Member of the Løgting
- In office 15 September 2015 – 16 September 2019

Personal details
- Born: 24 June 1965 (age 59) Klaksvík, Faroe Islands
- Political party: Republic (Tjóðveldi)
- Spouse: Andras Sólstein
- Children: 2

= Óluva Klettskarð =

Faroese politician

Óluva Elin Klettskarð (born 24 June 1965) is a Faroese schoolteacher and politician. She was a member of the Løgting from 2015 to 2019.

==Early life and career==
Klettskarð was in Klaksvík on 24 June 1965, the daughter of Páll Klettskarð from Haraldssund and his wife Edith (born Stenberg) from Porkeri.
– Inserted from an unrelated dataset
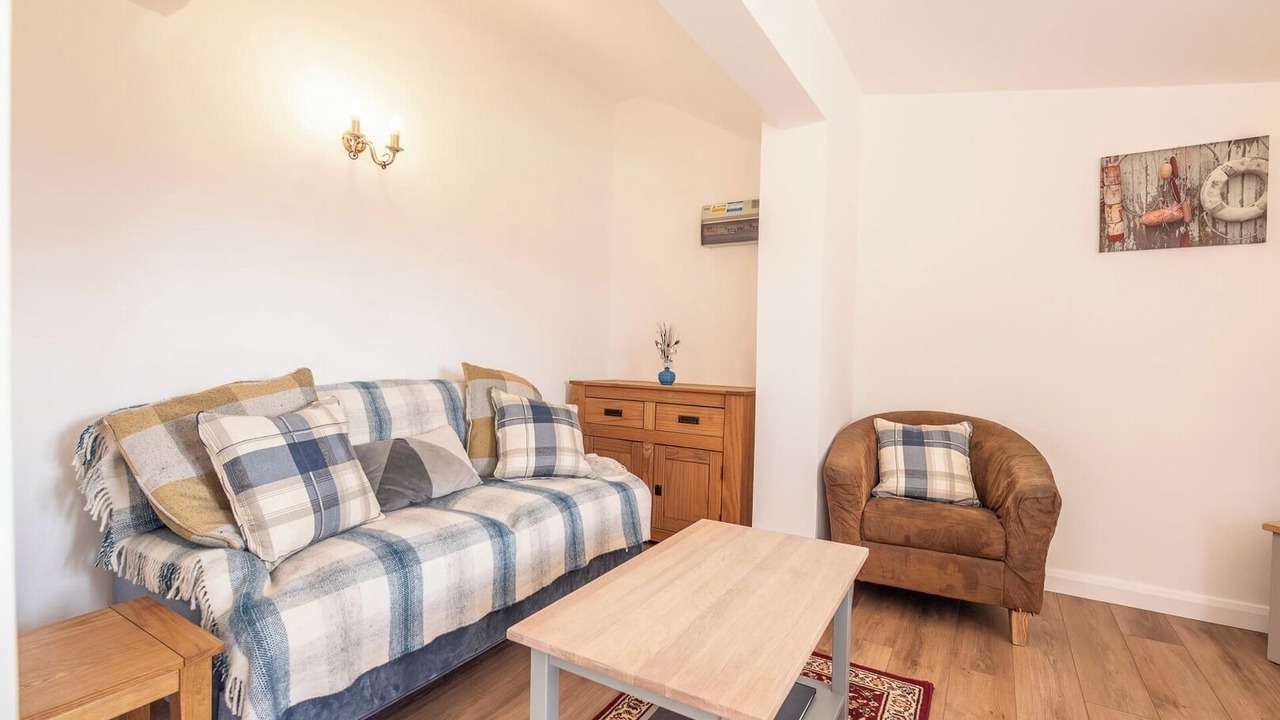 Photo of Livingroom in Cookley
The parents ran their own business in Klaksvík, and the father later became a fishing boat owner. From 1991 to 1996, she attended the University of the Faroe Islands, obtaining a degree in history and Nordic philology. Since 1997, she has been a teacher at Føroya Studentaskúli og HF-Skeið in Tórshavn.

==Political career==
Klettskarð has been chairman of the main board of Republic (Tjóðveldi) and a member of the party's working committee. She has been a member of the municipal council in Klaksvík from 2009 to 2016 and was a member of the Lagting for several election periods. For two weeks in the autumn of 2008, she was Minister of Culture before Tjóðveldi left the government. From 2015 to 2019, she was a member of the Lagting, whereas her cousin Sirið Stenberg served as Minister of Health.

==Personal life==
Óluva is married to Andras Sólstein, and they have two sons: Páll Andrasson Klettskarð (b. 1990) who is a footballer, and Ári Andrasson Klettskarð (b. 2001).